O feriado que ainda está por decretar!


            Passaram dez anos. Parece impossível.

            Naquela noite, Portugal enfrentava a França, em Paris. Perdemos Cristiano Ronaldo cedo e todos pensávamos que o sonho acabava ali. Mas a Seleção fez aquilo que tantas vezes se exige aos portugueses. Resistiu, acreditou e nunca desistiu.

            Até que, aos 109 minutos, um nome que poucos esperavam se tornou eterno.

            Éder.

            Quis o destino que fosse precisamente o mais improvável a escrever a página mais importante da história do futebol português. Éder não era a maior estrela, aliás nem era uma estrela sequer! Não era o jogador de quem todos esperavam o momento decisivo. Mas foi dele o remate que fez explodir um país inteiro de alegria. Talvez seja essa uma das maiores lições que a vida nos dá. Nem sempre são os favoritos que mudam a história. Muitas vezes, são aqueles em quem poucos acreditam, aqueles que trabalham em silêncio e esperam pela sua oportunidade. A vida, tal como o futebol, tem o estranho hábito de surpreender e de mostrar que basta um único momento para transformar um homem comum em inesquecível.

            A frase ficou para a história: "Hoje é feriado cara…!!!" E a verdade é que, dez anos depois, continuo a achar que sim.

            Porque naquele instante não foi apenas uma bola que entrou na baliza. Foi um país inteiro que explodiu de alegria. Um povo habituado a sofrer viu, finalmente, o sonho tornar-se realidade.

            Guardo uma memória muito especial dessa noite. Assim que o árbitro apitou para o fim do jogo, saímos para a rua. Eu, a minha mulher e os meus filhos. Entrámos no carro e fomos para as ruas de Barcelos, a buzinar sem parar, misturados com centenas de outras pessoas que faziam exatamente o mesmo. Bandeiras nas janelas, sorrisos estampados nos rostos, abraços entre desconhecidos, crianças ao colo dos pais, idosos emocionados.
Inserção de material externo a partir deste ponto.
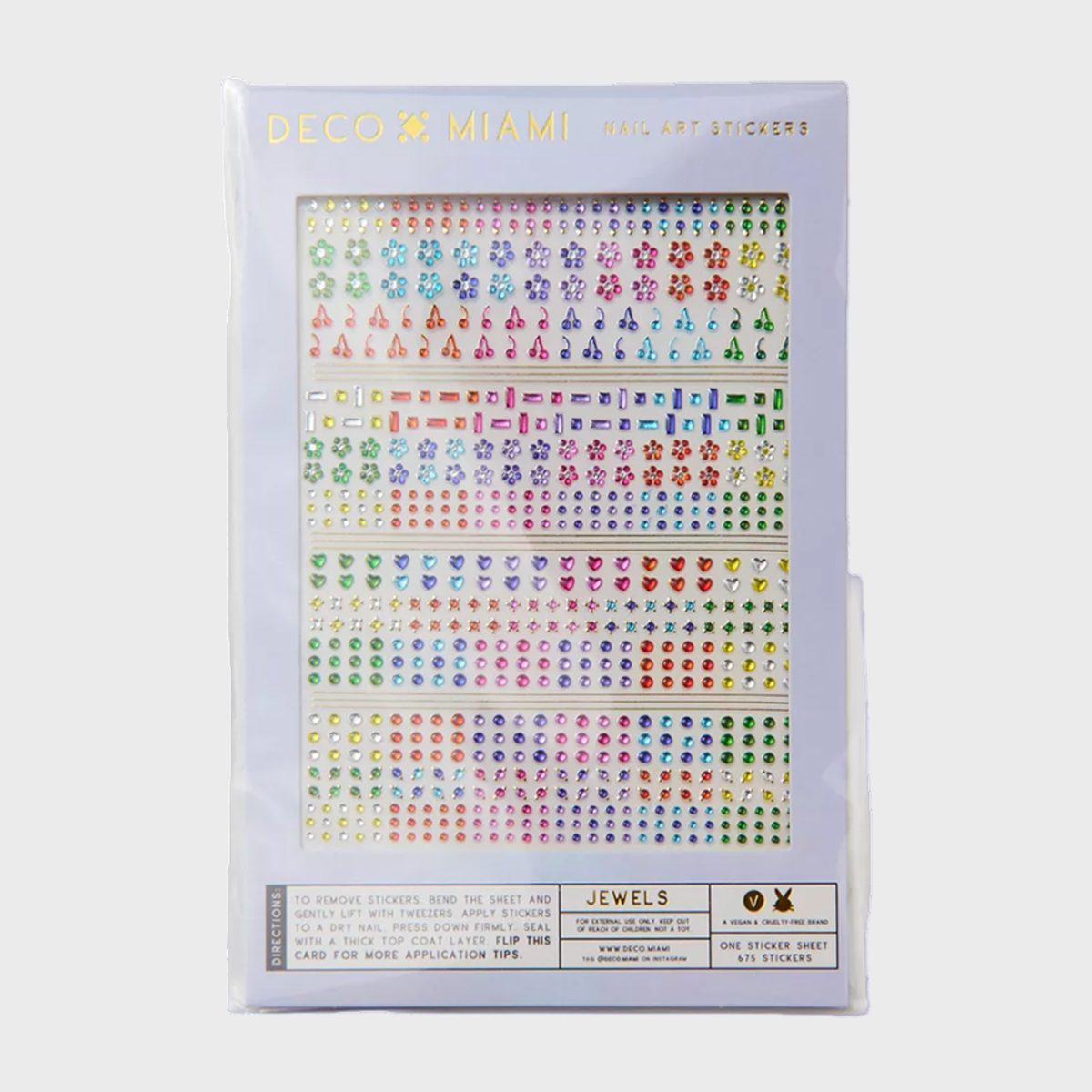 Deco Miami Nail Art Sticker Sheet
Durante algumas horas não havia diferenças, nem preocupações, nem problemas. Havia apenas um sentimento comum. O orgulho de sermos Portugueses.

            Ainda hoje, quando oiço o relato daquele golo ou revejo as imagens, volto imediatamente a essa noite. Consigo quase ouvir novamente as buzinas, sentir a alegria contagiante das ruas e recordar os olhos dos meus filhos, felizes por estarem a viver um momento que sabiam ser histórico.

            Nem todos gostam de futebol. E isso é perfeitamente natural. Mas acredito que aquele dia ultrapassou o desporto. Foi um raro momento em que um país inteiro celebrou unido. Um momento em que nos sentimos capazes de tudo.

            Dez anos passaram. Algumas coisas mudaram. Os miúdos cresceram, a vida seguiu o seu caminho, surgiram novas alegrias e também novas dificuldades. Mas há memórias que o tempo não consegue apagar.

            A noite em que Éder calou a França.

            A noite em que Portugal foi campeão da Europa.

            Por isso, sempre que chegar o dia 10 de julho, faço questão de sorrir ao recordar tudo isto. Porque há datas que pertencem aos livros da História. E há outras que pertencem ao coração.

            Esta pertence aos dois.

            E, convenhamos... o Éder tinha razão.

            Este dia devia mesmo ser feriado.